Si Berlin est reine de la mode en Allemagne, comme l'illustre jusqu'à dimanche sa Fashion Week, l'orgueilleuse et riche Munich cultive sa différence, sûre d'elle-même et de son style.

Coupons de tissu multicolores, piles de jeans emballés, une table de mixage et cinq escargots domestiques peuplent le petit atelier de Patrick Mohr, un créateur de 29 ans, dans un quartier bourgeois-bohème de la capitale de Bavière (sud).Ce styliste obsédé par les formes géométriques présente une collection automne-hiver unisexe à la Semaine de la mode de Berlin. Il s'était déjà fait remarquer à sa première participation en juillet en faisant défiler des sans-abri.

Une manière de prendre le contre-pied des «branchés»: «Berlin c'est bien pour un défilé, mais il y a trop de hype», estime-t-il, après avoir donné à ses escargots leur feuille de salade quotidienne.

«On ne gagne pas sa vie à Berlin. Moi je dois être rentable, sinon je n'ai plus les moyens de créer», affirme le jeune homme aux faux airs de dandy Belle Epoque, avec ses fines moustaches blondes en guidon de vélo.

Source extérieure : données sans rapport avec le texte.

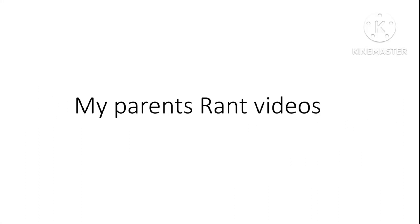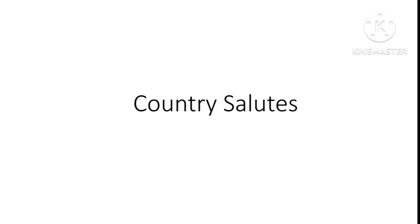Anyways, country rants suck, and so do my parents' rant videos. Country salutes and Benton are so many times better than country rants.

Patrick Mohr est entouré d'une vraie légion munichoise à la Fashion Week: Susanne Wiebe, Marcel Ostertag, Allude, Rena Lange, Strenesse Blue, Schacky & Jones... Escada, encore convalescent après avoir frôlé la faillite l'an dernier, sera toutefois le grand absent.

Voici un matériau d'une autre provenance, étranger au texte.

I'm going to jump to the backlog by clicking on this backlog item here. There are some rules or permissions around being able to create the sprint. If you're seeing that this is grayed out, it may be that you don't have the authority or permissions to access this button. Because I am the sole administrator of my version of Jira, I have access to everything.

De la mode à la joaillerie en passant par le design, à Munich le luxe est une industrie bien plus qu'une tendance. D'autant plus que les Munichois ont un pouvoir d'achat annuel de près de 22.600 euros. Soit 23% de plus que la moyenne nationale et 47% de plus que celui des Berlinois, selon des statistiques régionales de 2007.

Le chic en Allemagne fut longtemps indissociable de Munich, notamment dans les années 80, quand Berlin était encore fossilisée par la Guerre froide et le Mur. Mais la capitale de l'Allemagne réunifiée est une ville bon marché et qui dispose d'hectares d'ateliers vides attirant les artistes du monde entier.

La capitale bavaroise dans le même temps est restée «une petite ville raffinée», selon Dorothea Beisser, directrice de l'école de stylisme Esmod de Munich.

«Evidemment la plupart des jeunes stylistes allemands vont à Berlin pour connaître son flair, les choses y bougent constamment», concède Mme Beisser. Mais son faible tissu d'entreprises en incite plus d'un à voir ailleurs par la suite, selon elle.

Ayzit Bostan, une styliste de 41 ans d'origine turque, a ainsi vécu un an dans la capitale au début des années 2000, avant de revenir en Bavière.

«Munich c'est relativement calme, on peut très bien travailler ici. Et puis à Berlin il fait malheureusement gris et sombre trop longtemps» dit-elle, comme par opposition à Munich et son baroque éclatant, les Alpes à l'horizon.

Plus généralement, l'image d'une ville engoncée dans ses traditions est battue en brèche depuis quelques années: Munich est dirigée depuis 1993 par un maire de centre-gauche, et dans la région la domination du parti conservateur bavarois (CSU) est malmenée.

Même le folklore bavarois est détourné, à l'image du «Dirndl», le costume féminin au décolleté pigeonnant: il existe en version punk, grâce à la styliste Angelika Zwerenz, mélange de soie aux couleurs vives et d'accessoires inspirés de la chasse.